The U.S. Has No Right to Spy on Masses of Regular People in Other Countries

Some kinds of foreign spying are more legitimate than others.

Mr. T in DC/Flickr

Is the whole NSA scandal just much ado about nothing? Over at Lawfare, Benjamin Wittes offers five thoughts in defense of the NSA, and I find myself disagreeing already at number one. Here's his first point in full (emphasis in original):

The NSA is an intelligence agency, and intelligence agencies collect intelligence. The NSA collects a huge amount of data. It spies on other countries and their leaders. It tries to make sense of the material it collects using data-analytic techniques. It breaks encryption systems that its potential targets use to protect their communications. It develops relationships with private companies that can provide it data. And it engages in activity that is illegal in the countries against which it operates. As we used to say in grade school, “Duh!” That’s why we have a signals intelligence agency.

Critics of the agency, at home and abroad, trot out many of these facts as damning indictments. Brazil and Mexico and our European allies are outraged -- or pretend to be -- that we spy on them. Our domestic conversation is laced with fear of the sheer size of NSA collection, as though data volume is what makes Big Brother big. But the criticism is silly. Of course, the agency collects a large volume of material. An intelligence agency is not a think tank or a university. It doesn’t just read newspapers, collect what’s public and analyze what such data say. ”We steal secrets,” former NSA and CIA director Michael Hayden put it in the excellent movie about Wikileaks that used this arresting phrase as its title. This is what spy agencies do. The NSA is good at it -- very good at it. I, for one, think that’s a great thing.

The form of this argument is strange. The Bush Administration had a torture program. Torture programs torture people. Duh! That's why we had a torture program. Declaring that something exists for a particular purpose does not prove that the activity undertaken is moral or legal, or that the purpose is legitimate.

Don't get me wrong.

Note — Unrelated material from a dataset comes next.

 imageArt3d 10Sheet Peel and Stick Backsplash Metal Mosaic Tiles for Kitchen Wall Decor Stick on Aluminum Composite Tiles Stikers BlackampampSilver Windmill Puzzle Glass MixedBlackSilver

I am not suggesting that the United States should abandon collecting foreign intelligence entirely. What I am suggesting is that certain kinds of international spying are morally permissible and legitimate, while others are immoral and illegitimate. Drawing a coherent line is extremely difficult, and beyond my abilities, but I can give examples of what I regard as clearly legitimate and what is clearly illegitimate. An example of spying to which I don't object: intercepting intra-regime communications in Syria. An example of spying that strikes me as contrary to American ideals: dragnet spying on the private communications of every German citizen. The NSA was created in an era when technological limitations ensured that foreign spying would be directed, for the most part, at foreign governments. Now we have the ability to accumulate massive data on masses of individuals in liberal democracies.

We have no moral right to do so. Just as Britain's intelligence agency has no moral right to break into my email account or to maintain a database with my Skype calls.

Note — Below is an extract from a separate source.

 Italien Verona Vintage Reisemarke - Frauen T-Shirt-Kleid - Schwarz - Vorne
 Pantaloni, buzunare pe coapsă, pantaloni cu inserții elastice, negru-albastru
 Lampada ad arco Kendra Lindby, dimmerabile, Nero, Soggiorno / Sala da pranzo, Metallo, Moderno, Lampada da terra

Or again, yes, of course the NSA should steal some secrets, but that doesn't mean that stealing all secrets is legitimate. Is China formulating a new military posture toward Japan? Stealing that secret is legitimate spy-craft. Is a private company in the Netherlands developing propriety software that gives it an advantage over an American competitor? Stealing that secret is illegitimate. Wittes writes as if, once the NSA exists, any secret it steals is equally legitimate.

That just isn't so.

What's more, the NSA was intended as a foreign surveillance agency. And whether Wittes admits it or not, it has turned its massive resources on the American people. Its misleading, legalistic rhetoric about how it does not "target" Americans doesn't change that fact. To use Wittes's formulation, Congress did not create a signals-intelligence agency so that it could demand metadata from all cell-phone companies on the calls of tens or hundreds of millions of Americans, all the while pretending it remains a foreign intelligence agency.

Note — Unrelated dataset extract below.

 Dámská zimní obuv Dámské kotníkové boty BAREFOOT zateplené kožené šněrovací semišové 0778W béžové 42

Just as Scientologists have constructed a very elaborate chain of logic that explains why Tom Cruise is a very special, important person in the history of the universe, national-security statists can explain to you why the NSA is still an exclusively foreign surveillance agency, despite all the time it spends spying on Americans.

The absurdity of it all is apparent to the rest of us.

Jack Shafer helpfully distills an additional reason the NSA's behavior is so objectionable:

At several recent junctures, the U.S. government has publicly sought to expand its power and control over the electronic privacy of its citizens. At each point, the government was roundly foiled by the public and the majority of the political class, which rebuked it. But that has evidently never stopped the government from imposing its will surreptitiously. As the reporting of the New York TimesProPublica, and the Guardian about the National Security Agency’s programs exposed by Edward Snowden showed once again yesterday, when the government really wants something, it can be temporarily denied but rarely foiled.

Read on for examples.

To conclude by responding to Wittes in kind: Duh, that's why we shouldn't permit any government agency an ever-growing budget to operate in secret -- it will wind up co-opting overseers, lying to Congress, misrepresenting the truth before judges, expanding its power until it transgresses against legal and moral norms, and in the case of the NSA, commiting documented Fourth Amendment violations.